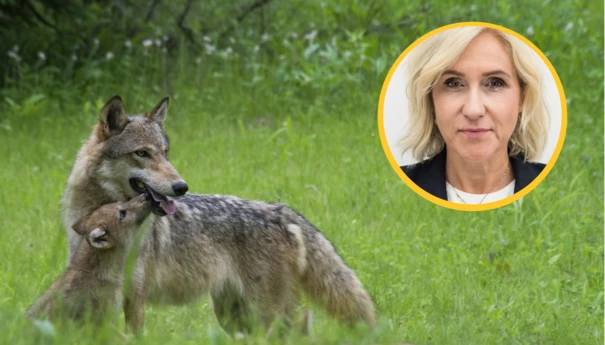 PSL i PiS za poprawką w sprawie wilka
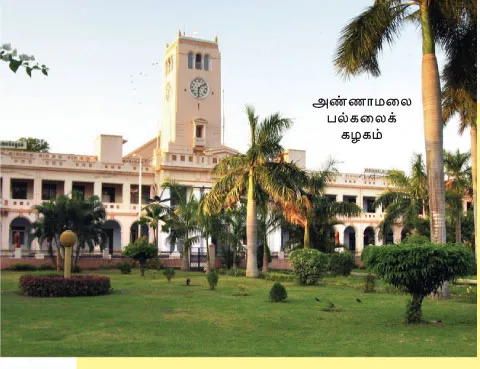 anamaliuniversity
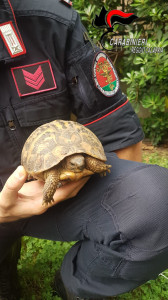 comando-regione-carabinieri-forestale-calabria-unazione-costante-a-tutela-del-patrimonio-boschivo-fauna-e-flora-2020-il-bilancio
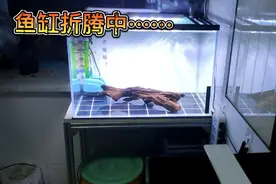 回家就开始折腾鱼缸！养水等三间鼠到家，看看零下30度怎么发鱼…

+ + + +

EXERCISE BRIEF.
Please print the data above once more, exactly and without images.

SOLUTION FOR THIS PROBLEM.
 PSL i PiS za poprawką w sprawie wilka
 anamaliuniversity
 comando-regione-carabinieri-forestale-calabria-unazione-costante-a-tutela-del-patrimonio-boschivo-fauna-e-flora-2020-il-bilancio
 回家就开始折腾鱼缸！养水等三间鼠到家，看看零下30度怎么发鱼…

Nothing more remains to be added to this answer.